On sait que les taux de leptine dans le sang diminuent en réponse à la perte de poids, explique-t-il, mais cette connaissance n’a jamais abouti à la création d’un régime ou d’un traitement réussi avec de la leptine qui pourrait permettre aux sujets de perdre du poids et de ne pas le reprendre peu de temps après.
« Le processus de perte de poids implique évidemment plusieurs processus métaboliques et plusieurs hormones en plus de la leptine. C’est là que GH entre en jeu. Nous avons constaté qu’en réponse à la perte de poids, la GH agit sur le cerveau de la même manière que la leptine. Cependant, alors que les niveaux de leptine baissent, le contraire arrive à la GH. La perte de poids déclenche une augmentation des taux sanguins de GH « , a déclaré Donato.
« Dans l’article récemment publié, nous montrons que la signalisation de l’hormone de croissance centrale favorise également les adaptations neuroendocrines lors de la privation de nourriture. »
Les récepteurs de la GH dans le cerveau sont situés dans l’hypothalamus, le centre le plus élevé du système nerveux autonome. Les impulsions de l’hypothalamus influencent les cellules du système neurovégétatif et régulent le tissu musculaire lisse dans l’intestin et les vaisseaux sanguins, le muscle cardiaque, toutes les glandes et les reins, entre autres organes.
Les chercheurs ont découvert que les récepteurs de la GH dans l’hypothalamus activent spécifiquement une petite population de neurones appelée AgRP, abréviation de protéine liée à l’agouti. Les neurones AgRP augmentent à leur tour la production d’AgRP, ce qui augmente l’appétit et diminue le métabolisme et les dépenses énergétiques.

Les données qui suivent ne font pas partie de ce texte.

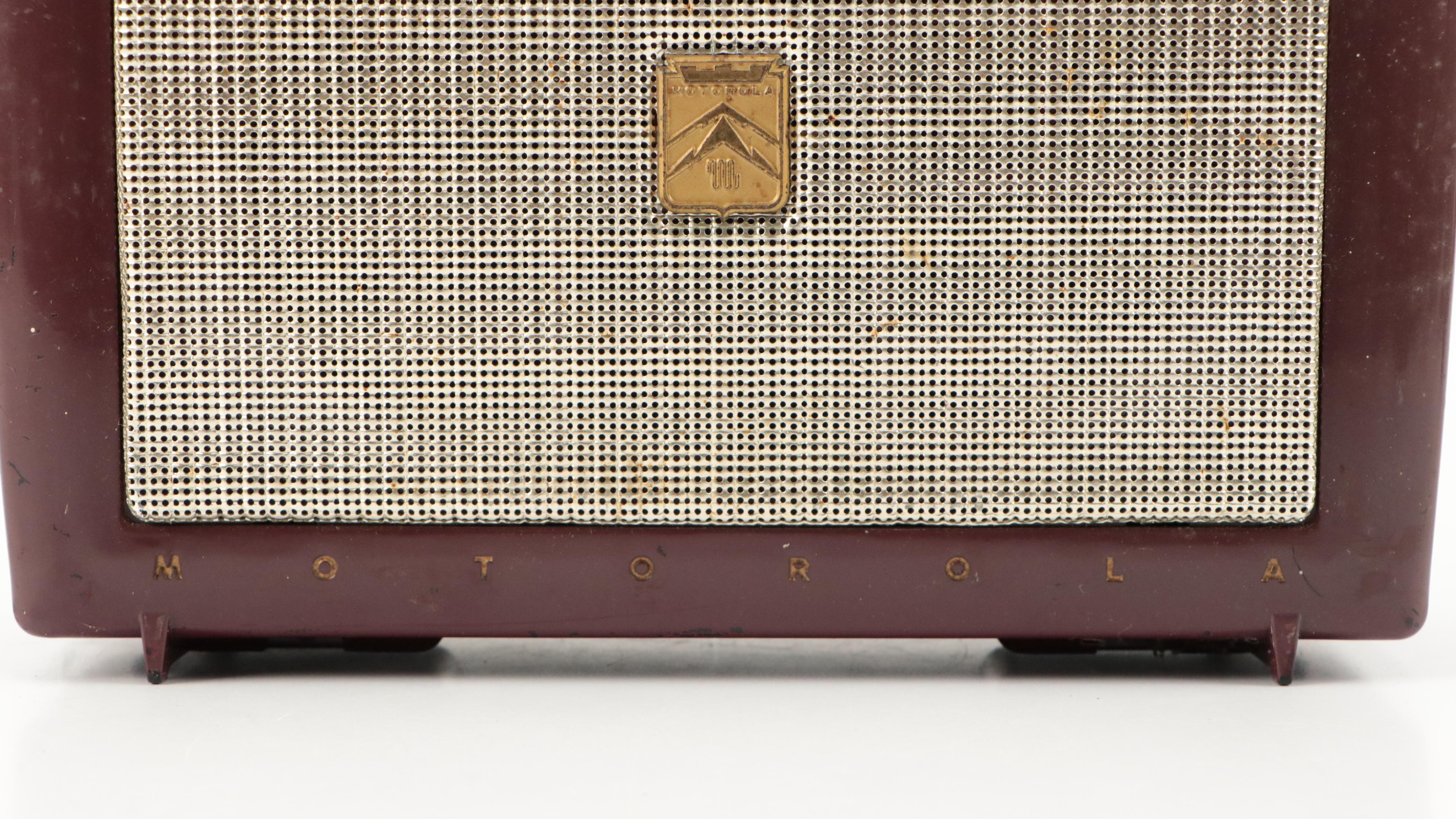 Motorola 53LC2 "Porta-Clock" Maroon Clock Radio, 1950s
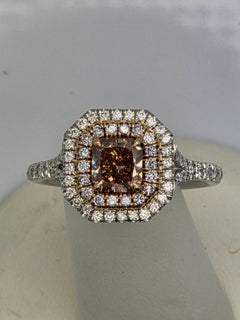 GIA Certified 1.00 Carat Fancy Deep Brown-Pink Diamond Ring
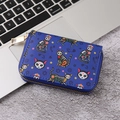 Blue gothic skull cat PU leather wallet with multi-card slots and zipper closure - 129D-Blue Skull Cat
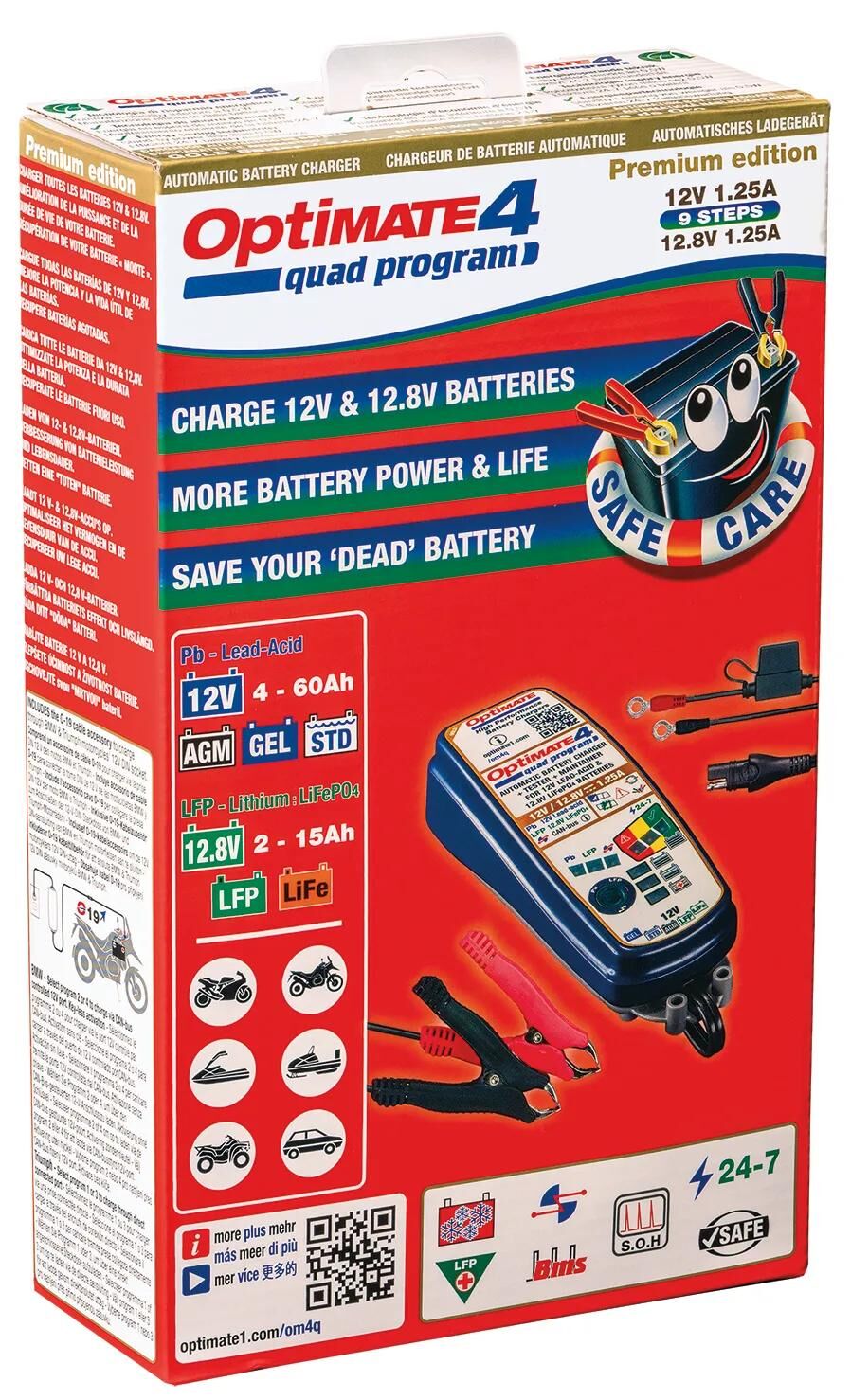Tecmate acculader optimate4 quad program optimate 4 charger quad program premium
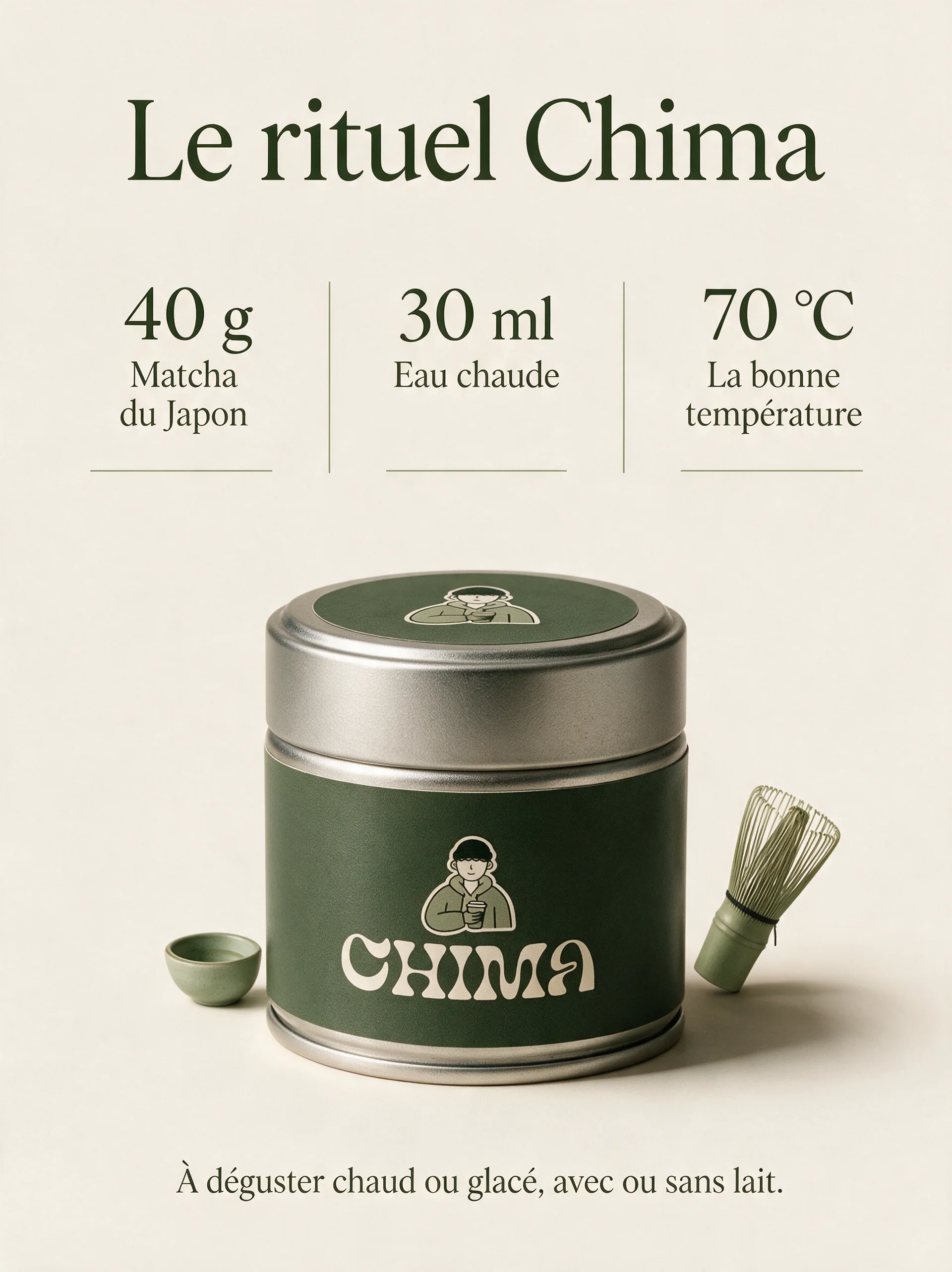Le rituel Chima : Matcha du Japon 40 g, 30 ml d’eau chaude à 70 °C. À déguster chaud ou glacé, avec ou sans lait.
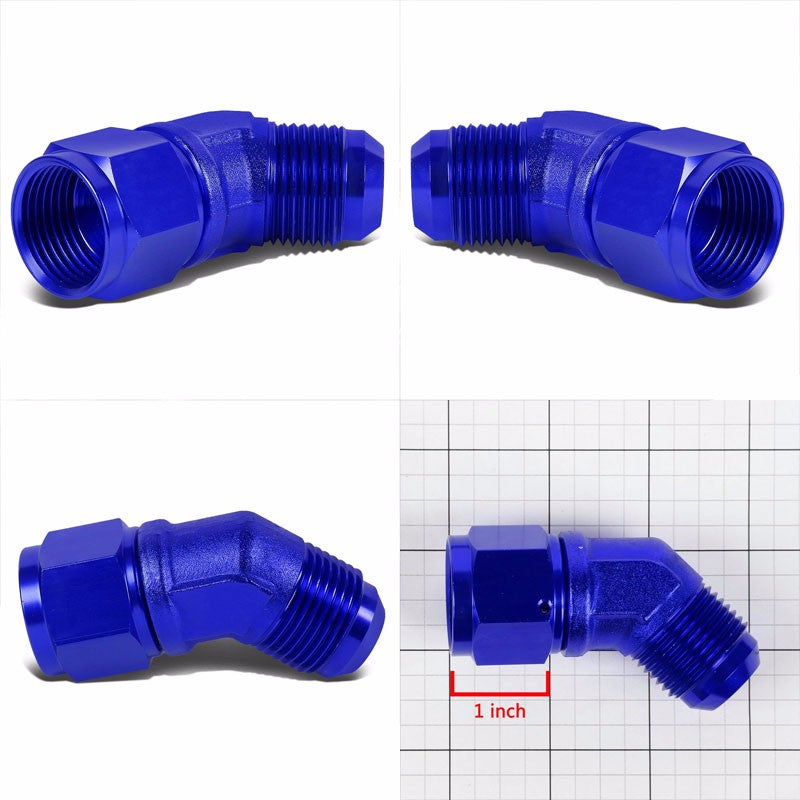 Blue 45 Degree Female/Male 1/8-27 NPT Flare Bulkhead 12AN Oil/Fuel Hose Fitting BuildFastCar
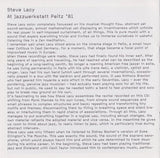 Steve Lacy - Live At Jazzwerkstatt Peitz
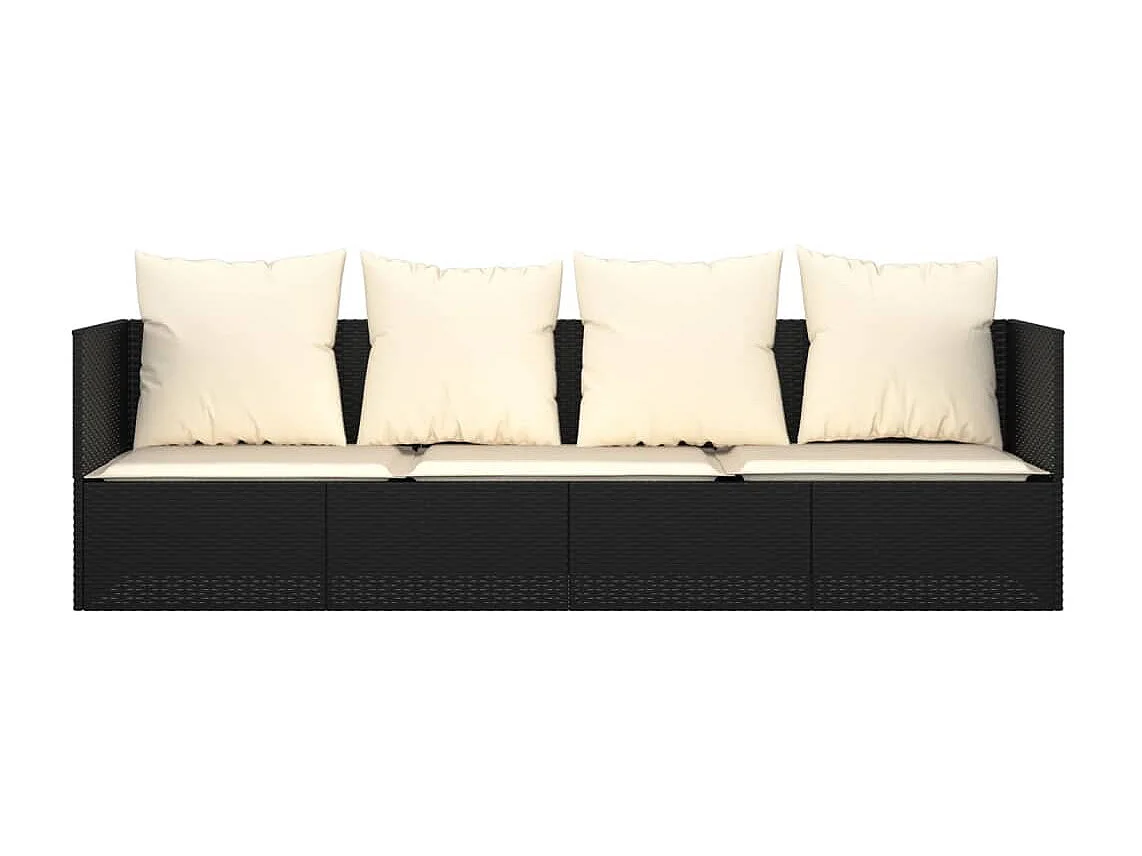Lit de salon d'extérieur avec coussins Noir Résine tressée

« L’AgRP est l’un des stimulants d’appétit les plus puissants. Il est curieux de voir comment un petit nombre de neurones AgRP, seulement quelques milliers sur les milliards de neurones de l’hypothalamus, peuvent jouer un rôle aussi important « , a déclaré Donato.
Conservation de l’énergie
Pour mener une étude détaillée de l’influence de la signalisation de la GH sur les neurones AgRP, les scientifiques de l’USP et leurs collègues ont élevé des souris génétiquement modifiées avec ablation des récepteurs GH spécifiques à AgRP (appelées souris knockout AGRP GHR). Leurs expériences ont également utilisé un groupe témoin comprenant des souris de type sauvage non génétiquement modifiées.
Dans diverses expériences, les chercheurs ont mesuré la dépense énergétique du corps entier dans les deux groupes de souris soumises à un régime avec une restriction alimentaire de 60%. Leur objectif était de déterminer si un manque de réponse adaptative au déficit énergétique résultant aurait un impact significatif sur le bilan énergétique.
Ils ont constaté que les souris témoins diminuaient la dépense énergétique pendant la restriction alimentaire, ce qui est compatible avec les réponses adaptatives qui conservent l’énergie dans cette situation.
La dépense énergétique des souris AGRP GHR KO pendant la restriction alimentaire a diminué significativement moins, suggérant qu’elles n’économisaient pas d’énergie aussi efficacement que les souris témoins.
En conséquence, les souris AgRP GHR KO ont affiché un taux de perte de poids plus élevé, en raison principalement de la diminution de la masse grasse (réserves d’énergie) mais aussi de la perte de masse maigre (organes vitaux, os, muscles, ligaments, tendons et fluides corporels).
« En d’autres termes, nous avons découvert que la perte de poids déclenche une augmentation des niveaux de GH de l’hypothalamus, ce qui active les neurones AgRP, rendant la perte de poids plus difficile et intensifiant le sentiment de faim. C’est précisément la même fonction que la leptine « , a déclaré Donato.
La conservation de l’énergie est si importante pour l’organisme, a-t-il ajouté, que l’évolution a doté les humains de deux mécanismes de conservation de l’énergie, l’un activé par la leptine et l’autre par la GH.
» L’un fonctionne comme une sauvegarde pour l’autre. C’est pourquoi les traitements de perte de poids basés uniquement sur la leptine ne fonctionnent pas. Le mécanisme GH doit être traité en même temps « , a déclaré Donato.